On February 26, 2021, we issued $1.1 billion aggregate principal amount of 1.200% senior unsecured notes due March 2026. We incurred debt issuance costs of approximately $8.6 million, including underwriting fees, fees for professional services and registration fees, which were capitalized and reflected as a reduction of the related carrying amount of the notes in our consolidated balance sheet. Interest on the notes is payable semi-annually in arrears on March 1 and September 1 of each year, commencing September 1, 2021. The notes are unsecured and unsubordinated indebtedness and rank equally in right of payment with all of our other outstanding unsecured and unsubordinated indebtedness. We used the net proceeds from this offering to fund the redemption in full of the 3.800% senior unsecured notes due April 2021, to repay a portion of the outstanding indebtedness under our prior credit facility and for general corporate purposes.

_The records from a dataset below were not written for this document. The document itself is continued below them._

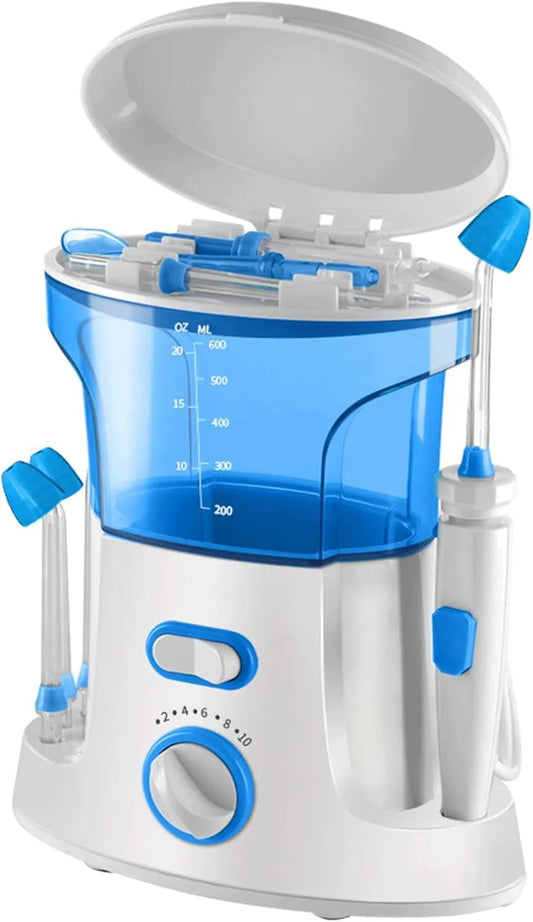 Nettoyant Nasal Électrique, Système D'irrigation Nasale Et Sinusale Hydro Pulse équipé de 10 Modes De L'irrigation Nasale Douche Nasale Irrigation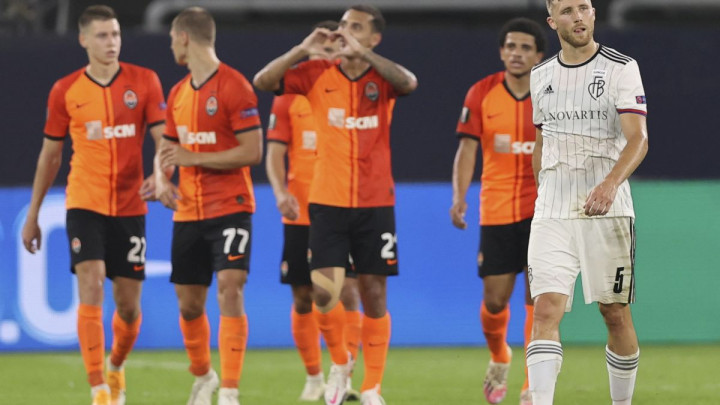 Šahtar preko Basela do Intera, Sevilla u finišu 'slomila' Wolvese i ide na Manchester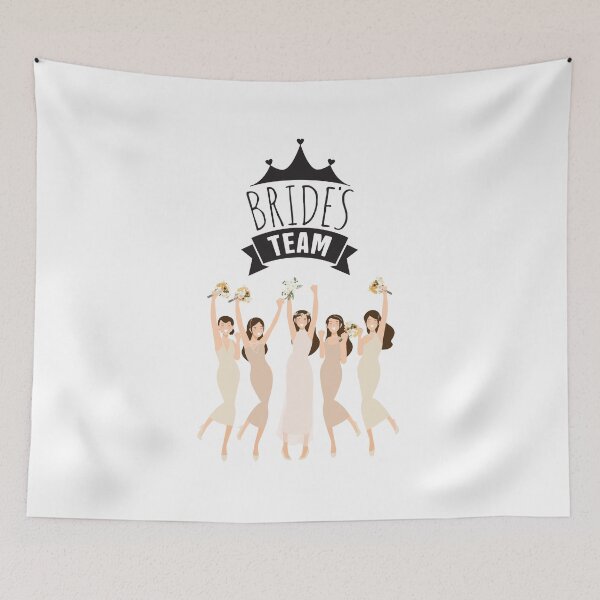 Item preview, bride's team designed and sold by whiitexr6.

We have $1.0 billion in aggregate principal amount of 2.900% senior unsecured notes due May 2030. Interest on the notes is payable semi-annually in arrears on May 15 and November 15 of each year, commencing November 15, 2020. The notes are unsecured and unsubordinated indebtedness and rank equally in right of payment with all of our other outstanding unsecured and unsubordinated indebtedness. We issued the senior notes at a total discount of $3.3 million and capitalized related debt issuance costs of $8.4 million.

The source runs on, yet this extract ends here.